The increased cost has forced farmers to dig deeper into their pockets to maintain production.
“When farmers face rising costs, they will reduce the volume of fertilisers used on crops. This will affect yields and our livelihoods. This is a big problem for us right now.”
Hosein warned that the unavailability of urea could threaten the future of the rice industry.
“If farmers don’t have access to urea, they are not going to plant rice. Some may abandon rice cultivation entirely,” he said.
Struggling industry
In the early 1990s, Trinidad and Tobago had 6,000 rice farmers producing 21,200 metric tonnes of rice annually.
However, payment delays, climate change, rising fertiliser costs, high production expenses, low yields, insufficient dry-season water, and lack of political support led farmers to abandon their fields, shrinking the sector dramatically.
By 2018, production had dropped to just 585 metric tonnes, and the farming population dwindled to 40 rice farmers. These farmers manage 4,000 acres of land across Plum Mitan, Biche, Felicity, El Carmen, and Caroni, but currently only cultivate 1,000 acres.
Each acre can produce 3,800 pounds of rice, accounting for less than five per cent of local consumption. NFM purchases rice at a guaranteed price: $2.99/kg for grade one paddy, $2.86 for grade two, and $1.86 for grade three.

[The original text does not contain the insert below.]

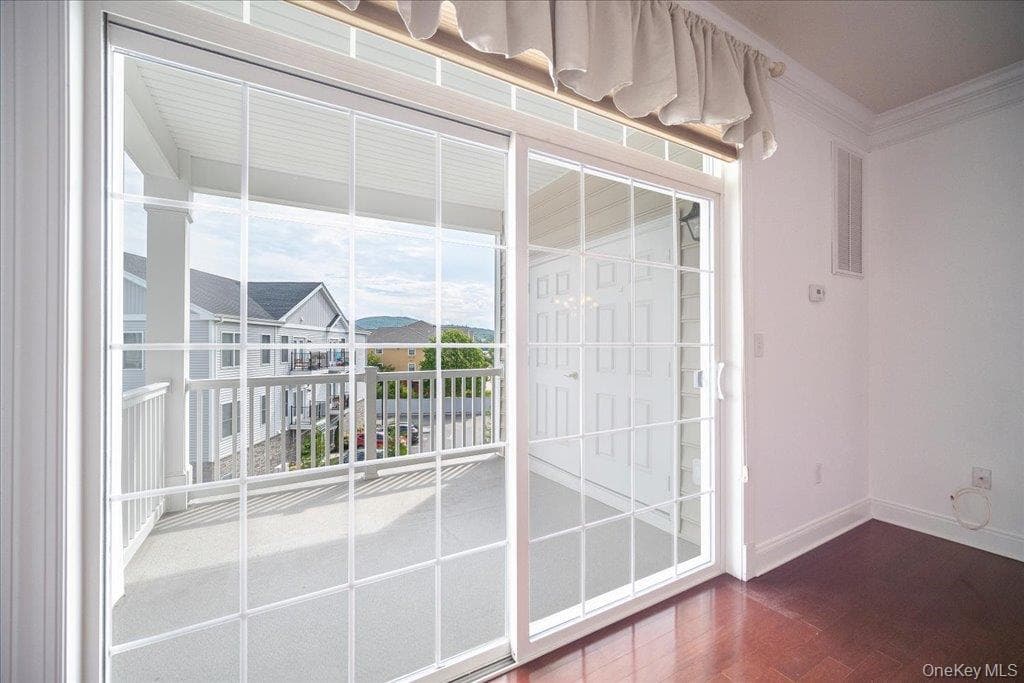 732 Regency Drive thumbnail 35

According to the World Integrated Trade Solution, T&T imported 31,430,200 kg of rice costing US$28.5 million in 2024, from Guyana, Brazil, India, Suriname, the USA, and Canada.
Long-standing farmer Fazal Akaloo said rice cultivation relies heavily on large quantities of urea.

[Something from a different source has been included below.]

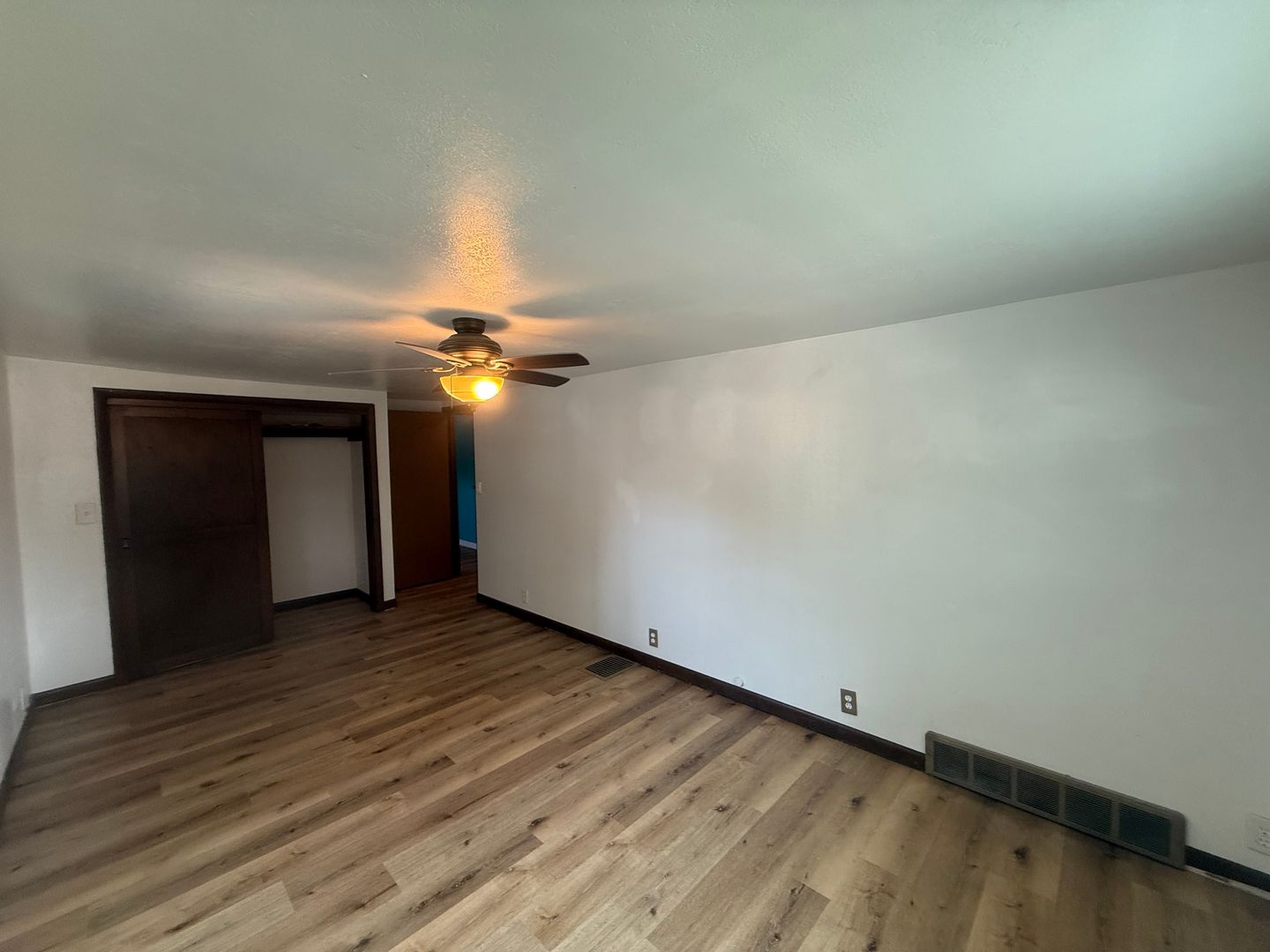 Green Bay House: 870 Waverly Place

“Rice cultivation is totally different. The Government should take more interest in the sector. The ups and downs in the rice industry are due to the lackadaisical approach of the authorities. Considering the investment farmers put into equipment, it’s not worth it.”
He said entering rice production costs around $1.5 million per farmer, and the increased cost of alternative fertilisers has been a heavy burden.

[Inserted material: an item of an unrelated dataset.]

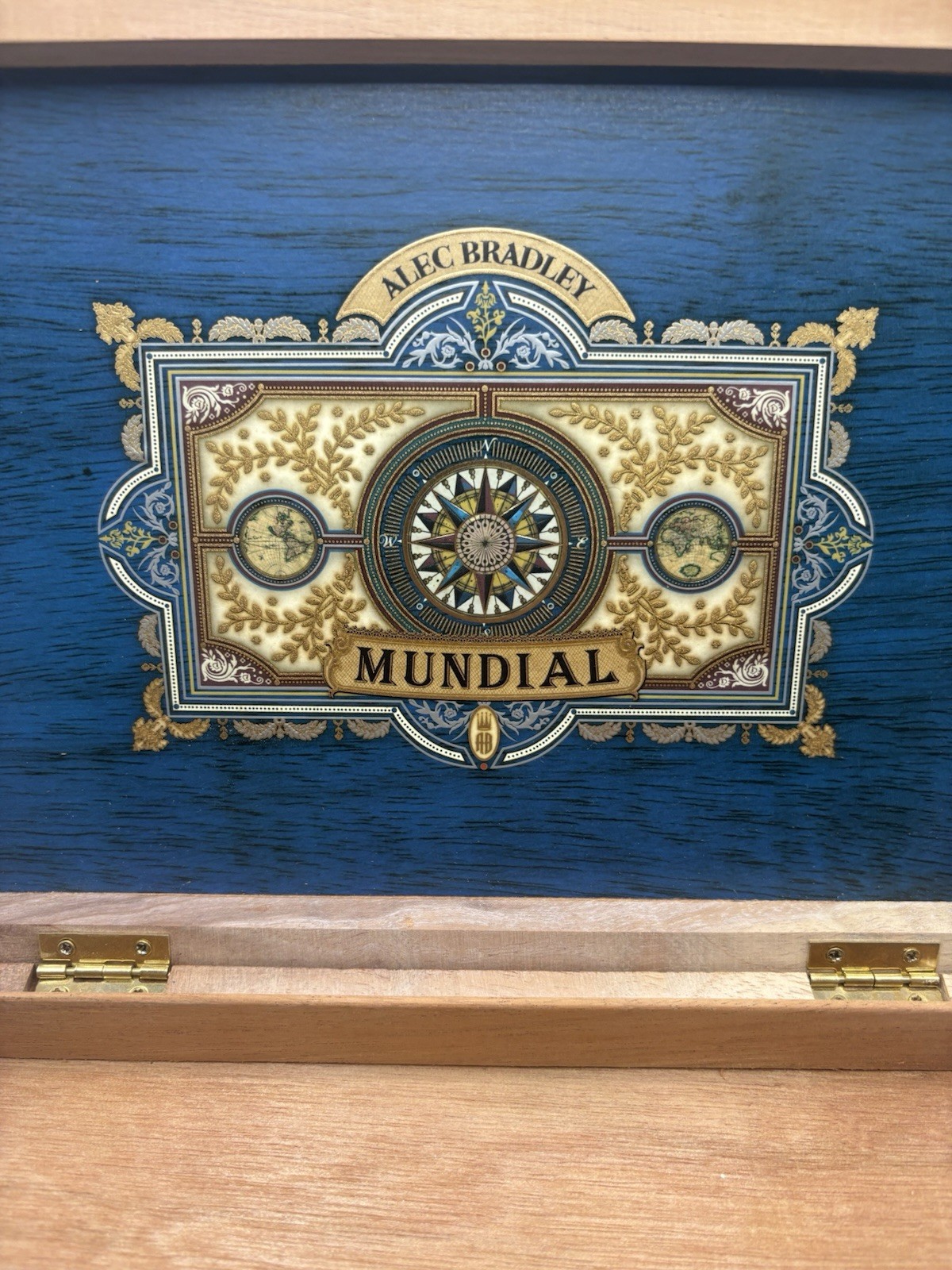 Alec Bradley Mundial Wooden Cigar Box Handmade Honduras Empty Decorative Case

“How long can we sustain these increased costs? Frustration will set in, and farmers may quit. The rice industry has been hanging in the balance for too long.”
Akaloo called for T&T to become self-sufficient in rice production, noting that previous recommendations for a steering committee have yet to be acted upon:
“We have the capabilities to grow rice in T&T, but we lack political will. The powers that be are only talking. We want to see action.”
Joe Pires, managing director of Caribbean Chemical and Agencies Ltd, confirmed the scarcity of urea.
“There is not much on the market. Most of our customers have none,” Pires said.
He added that a ten per cent duty was imposed on urea when Nutrien manufactured it locally, while other fertilisers remained duty-free.
“With Nutrien no longer producing urea, the Government should remove the duties on imported urea. We plan to approach the minister to reduce the duty until Nutrien resumes production.”
Pires cautioned that importing urea would raise prices further:
“Imported urea would cost $295–$299 per 50-kilogramme bag, about 25 per cent more for farmers.”
Some farmers have turned to sulphate of ammonia (SoA), which contains 21 per cent nitrogen. An 88-pound bag retails at $170, or $2.02 per pound.
“SoA is half the nitrogen strength of urea, yet more expensive,” Pires said.
He stressed, however, that the shortage of urea does not mean agriculture will shut down.
Guardian Media reached out to Agriculture Minister Ravi Ratiram on Thursday via WhatsApp to ask about the urea scarcity and possible duty reductions, but he did not respond.